## Problem statement
Extract, word for word, each line from the line holding "Origami 3D sowa/owl - tantis.pl" through the end of the records. Omit every picture.
======== Supplied entries ========
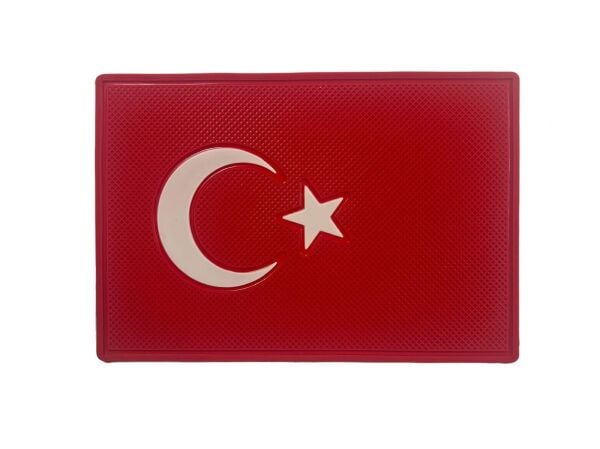 Ay yıldız torpido üstü kaydırmaz ped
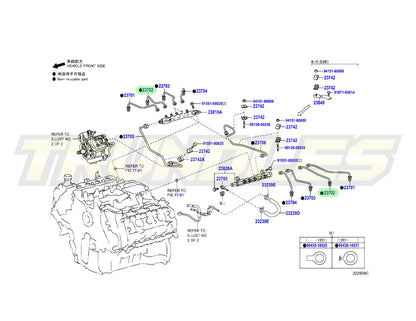 Genuine Injection Pipe (No.2) to suit Toyota 1VD DPF Engines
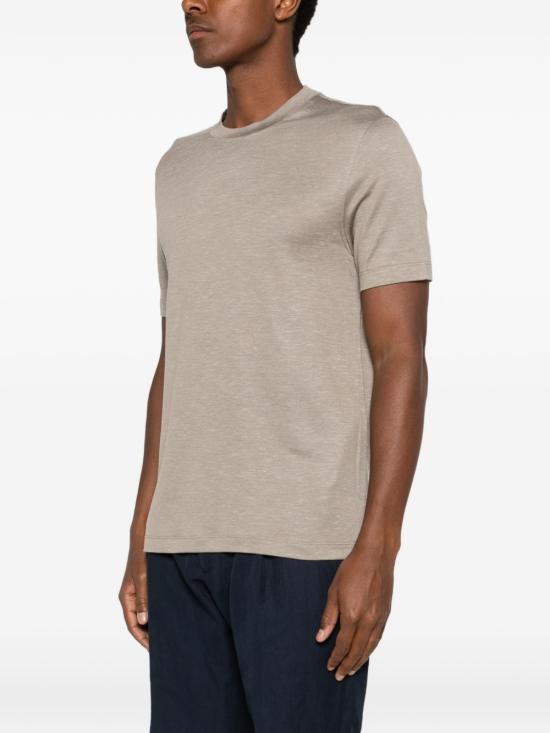 26SS 브리오니 반팔 티셔츠 UJPQ0L PD6082900 Kaki - BRIONI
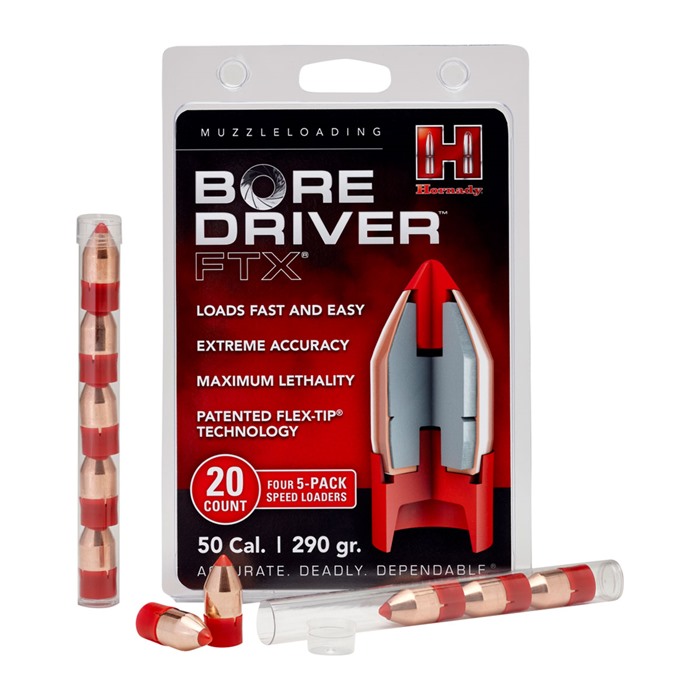 Hornady Bore Driver Muzzleloader Bullet 50 cal. 290 gr. Bore Driver FTX 20 rd.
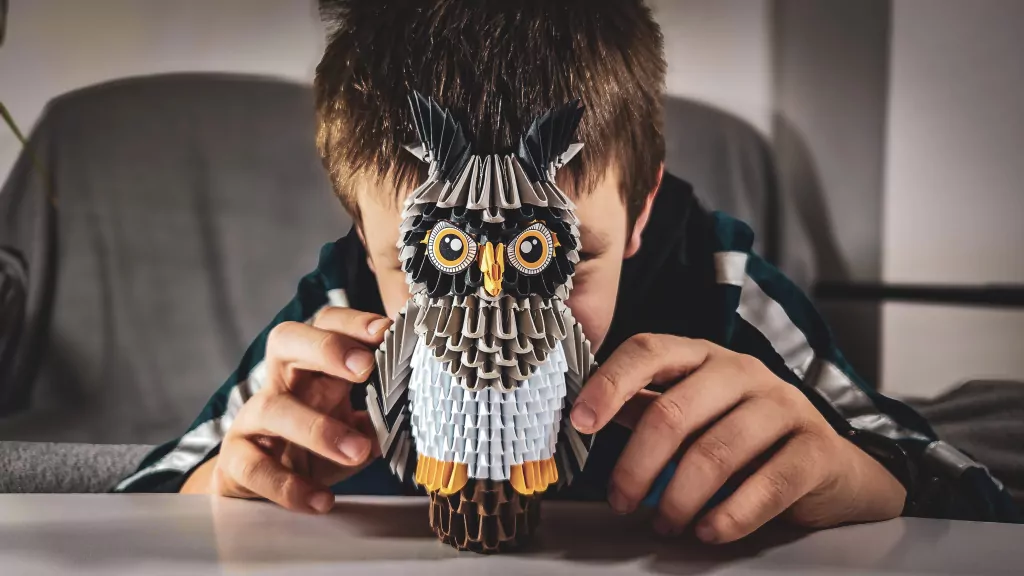 Origami 3D sowa/owl - tantis.pl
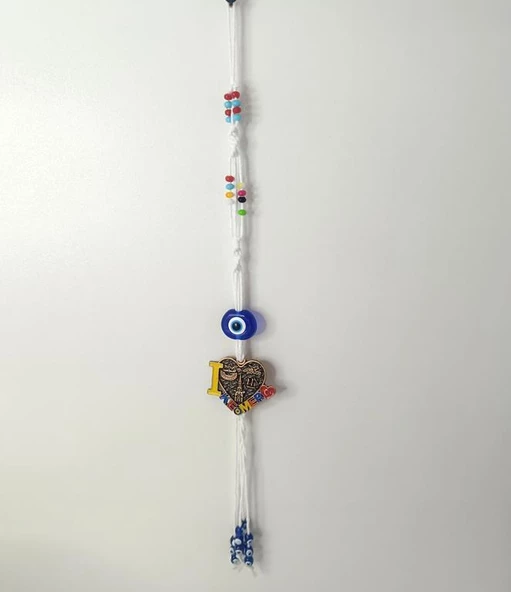 Nazar Boncuklu Kötü Göz Kovucu Dikiz Ayna Duvar Bahçe Ağaç Teras Balkon Süsleme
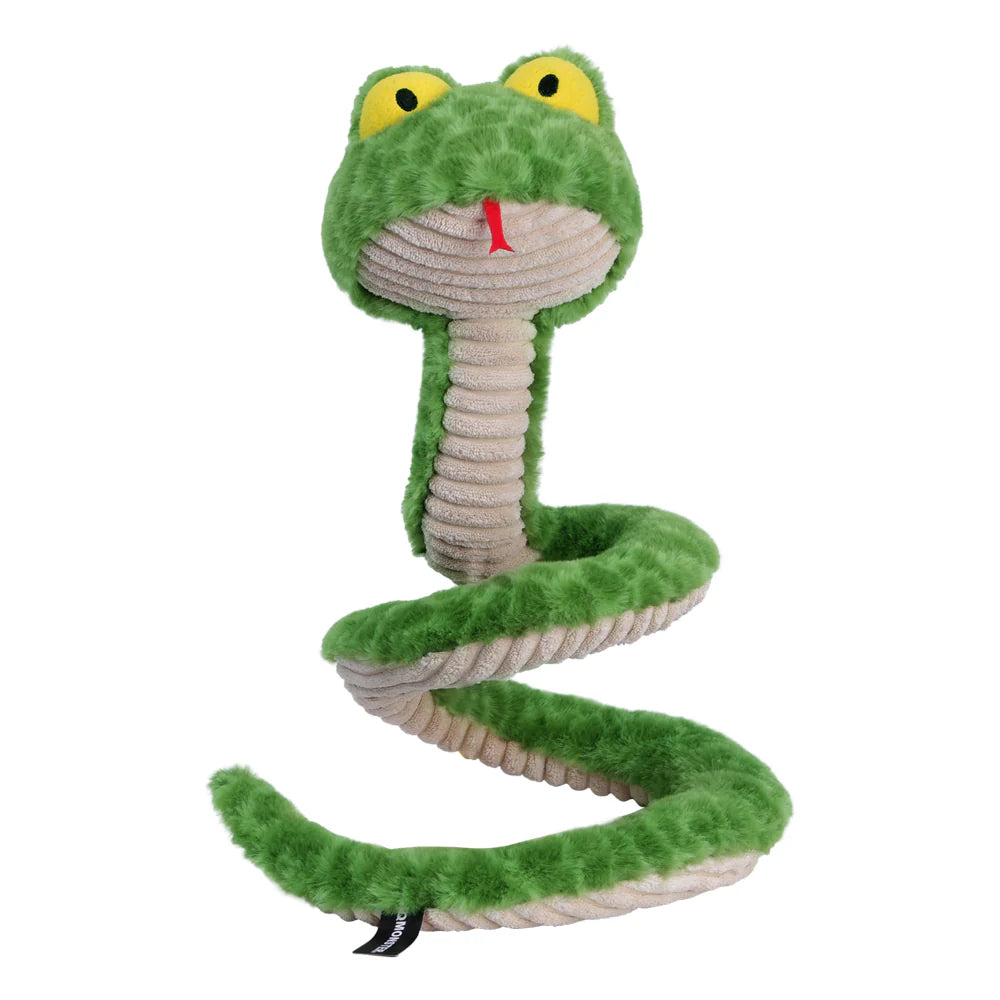 Pelucia Para Cães PETTA - Qmonster Cobra de Mola 100cm Verde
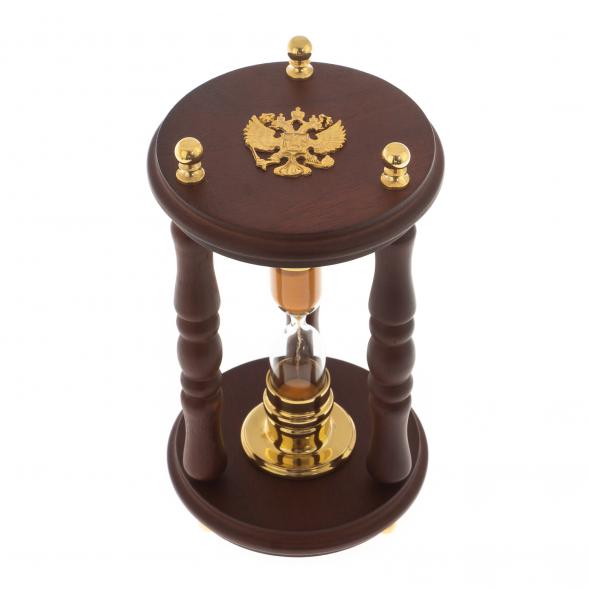 Златоустовские песочные часы «Герб РФ» на 5 минут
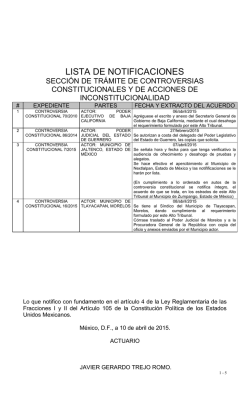 LISTA DE NOTIFICACIONES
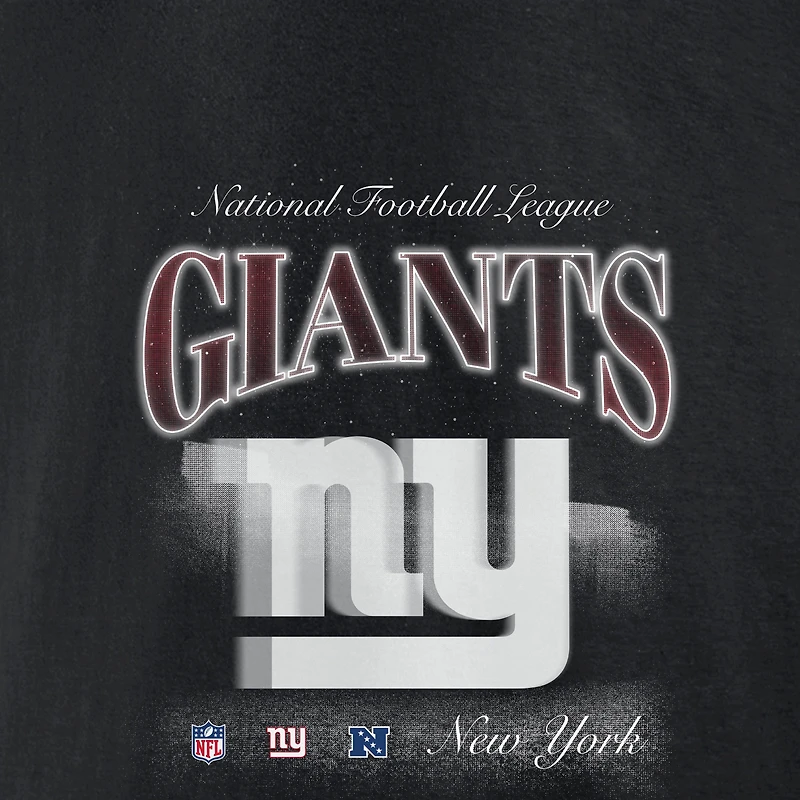 Men's Fanatics Black New York Giants Back Logo Fleece Hoodie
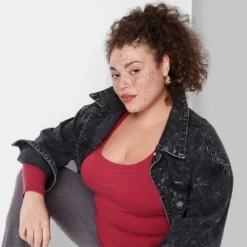 Women's Long Sleeve Scoop Neck T-Shirt - Wild Fable™ -Cheap Clad Fine Store GUEST 272ebe63 6ef9 453c b876 aaa91fe3e9ef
========
## Problem solution
 Origami 3D sowa/owl - tantis.pl
 Nazar Boncuklu Kötü Göz Kovucu Dikiz Ayna Duvar Bahçe Ağaç Teras Balkon Süsleme
 Pelucia Para Cães PETTA - Qmonster Cobra de Mola 100cm Verde
 Златоустовские песочные часы «Герб РФ» на 5 минут
 LISTA DE NOTIFICACIONES
 Men's Fanatics Black New York Giants Back Logo Fleece Hoodie
 Women's Long Sleeve Scoop Neck T-Shirt - Wild Fable™ -Cheap Clad Fine Store GUEST 272ebe63 6ef9 453c b876 aaa91fe3e9ef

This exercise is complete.